Information provided:
════════

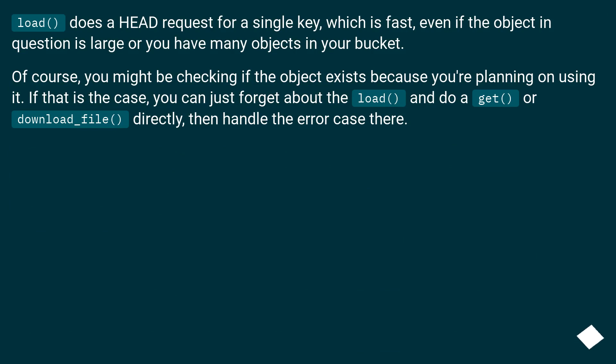Of course, you might be checking if the object exists because you're planning on using it. If that is the case, you can just forget about the load() and do a get() or download_file() directly, then handle the error case there.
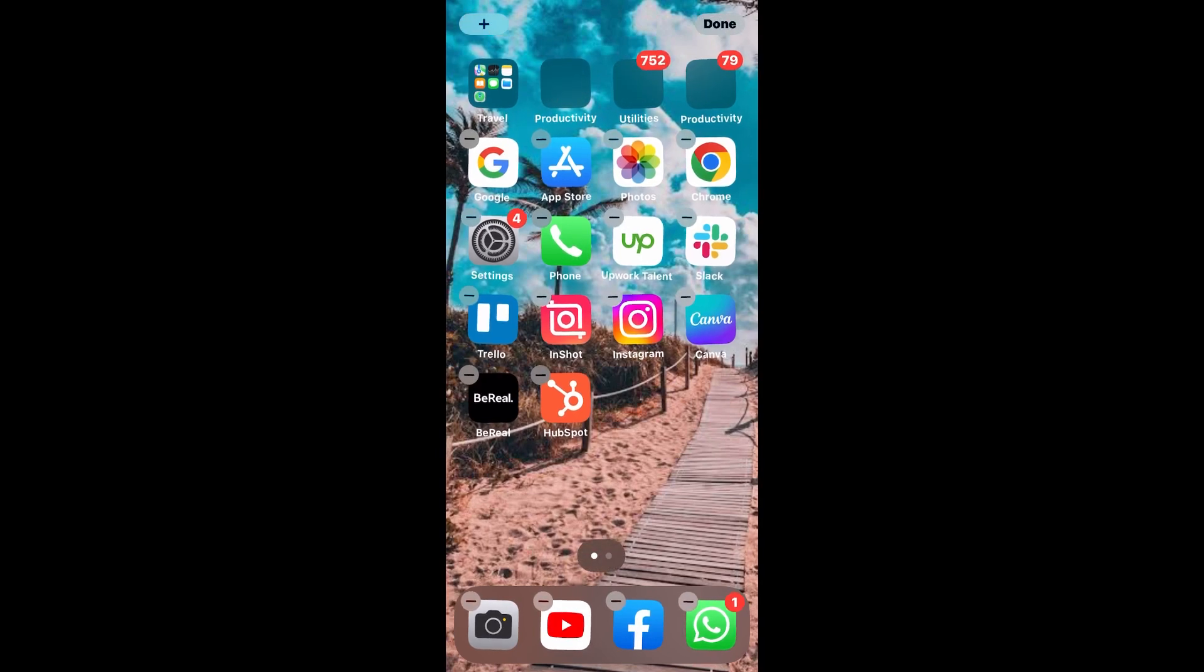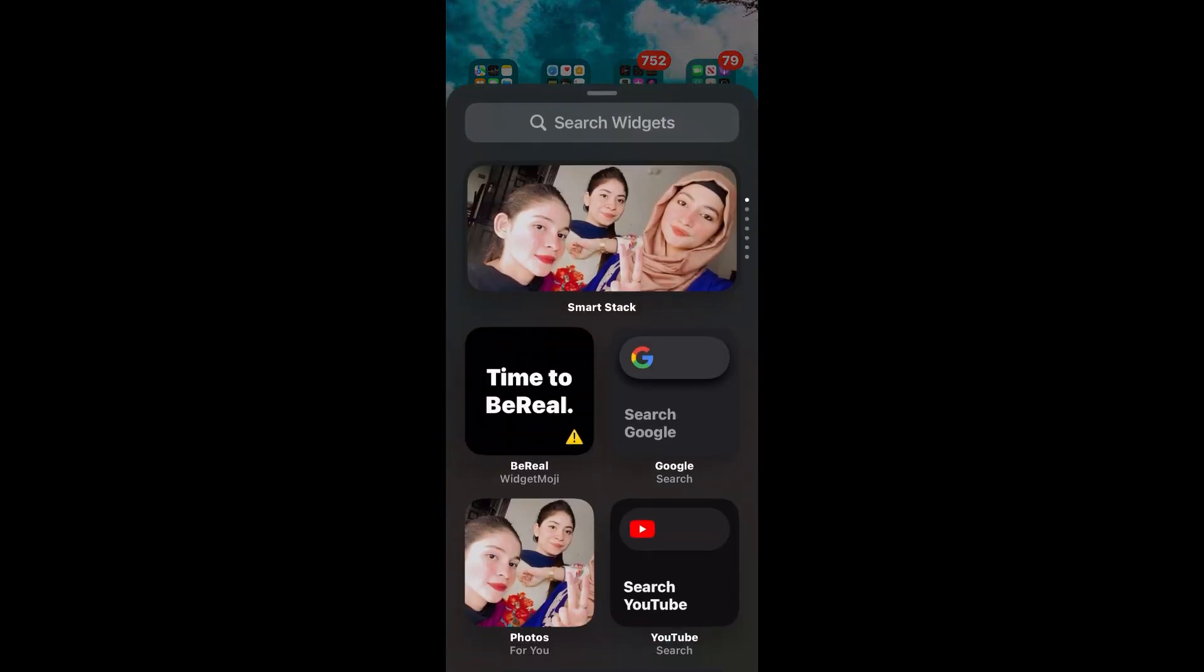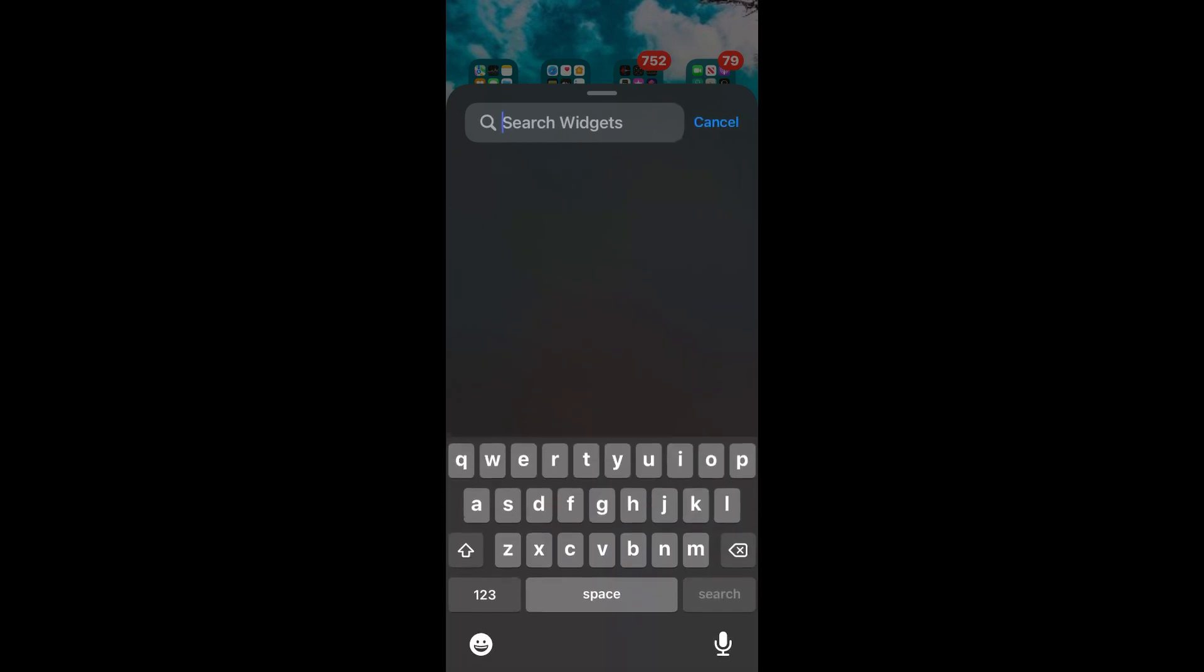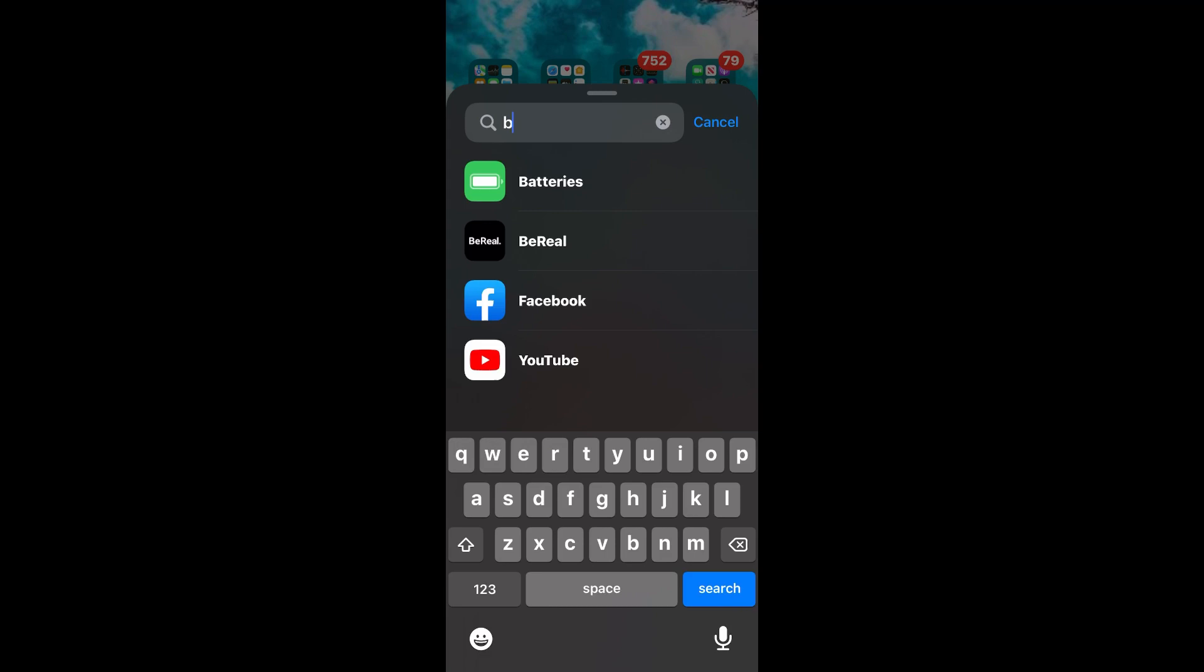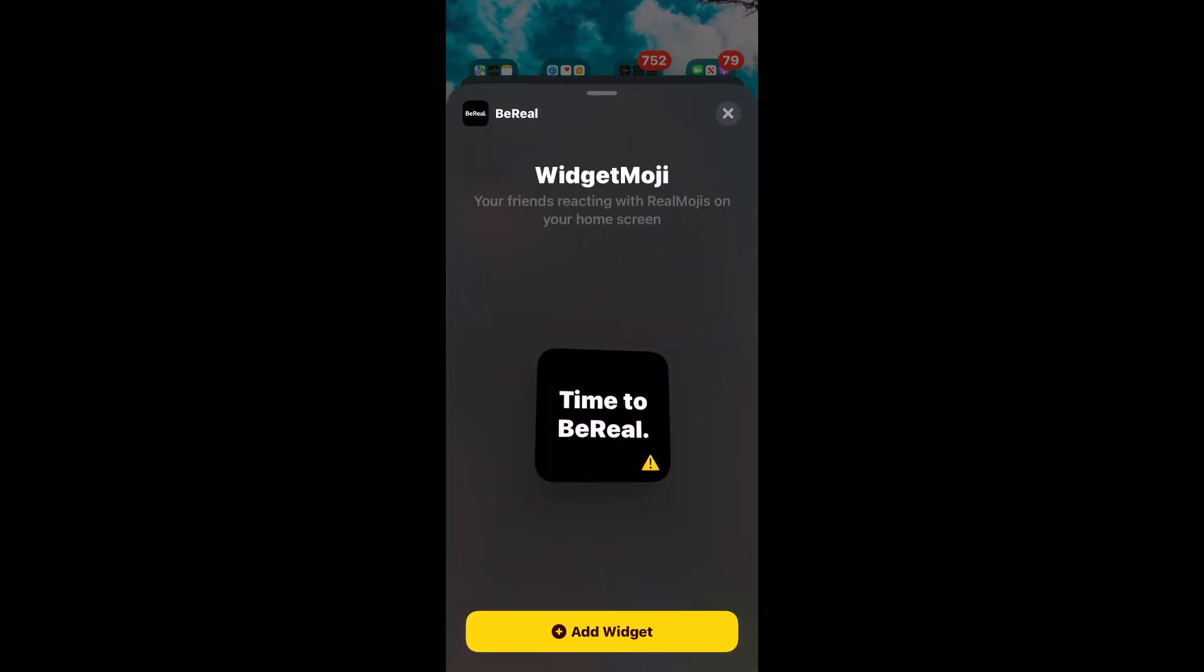You can see, tap on the plus arrow and search BeReal. Then you can see, tap on widget.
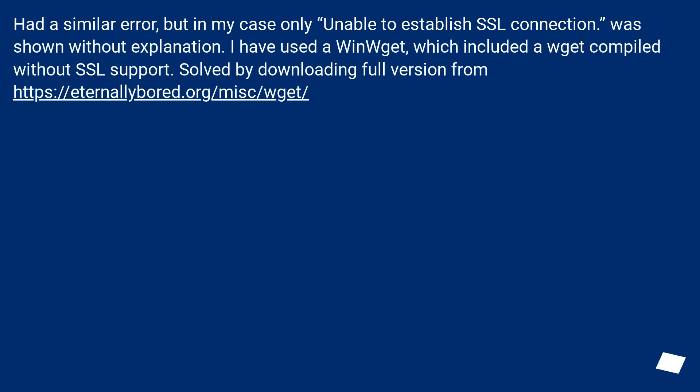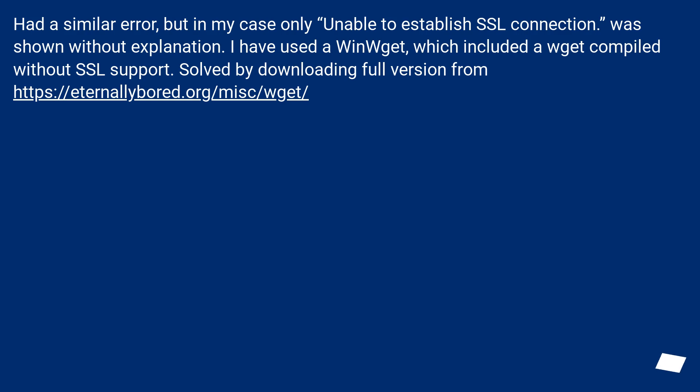Had a similar error, but in my case only unable to establish SSL connection was shown without explanation. I have used a WinWGet, which included a WGet compiled without SSL support. Solved by downloading full version from this URL.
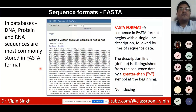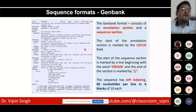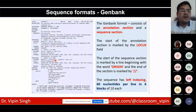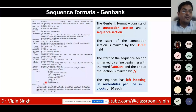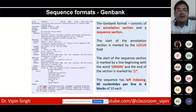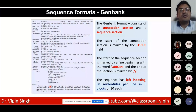The GenBank format includes both annotation and sequence. Annotation fields include locus, definition, accession number, references, and the journal where it was published. The sequence begins with the keyword 'ORIGIN' and ends with double slashes. Between these markers, there is left-side indexing with nucleotides in six blocks of ten each, giving 60 nucleotides per line.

════════

Directions for this task: Return the whole listing word for word. Pictures stay out of it.

Reply to the exercise:
Of course, you might be checking if the object exists because you're planning on using it. If that is the case, you can just forget about the load() and do a get() or download_file() directly, then handle the error case there.
You can see, tap on the plus arrow and search BeReal. Then you can see, tap on widget.
Had a similar error, but in my case only unable to establish SSL connection was shown without explanation. I have used a WinWGet, which included a WGet compiled without SSL support. Solved by downloading full version from this URL.
The GenBank format includes both annotation and sequence. Annotation fields include locus, definition, accession number, references, and the journal where it was published. The sequence begins with the keyword 'ORIGIN' and ends with double slashes. Between these markers, there is left-side indexing with nucleotides in six blocks of ten each, giving 60 nucleotides per line.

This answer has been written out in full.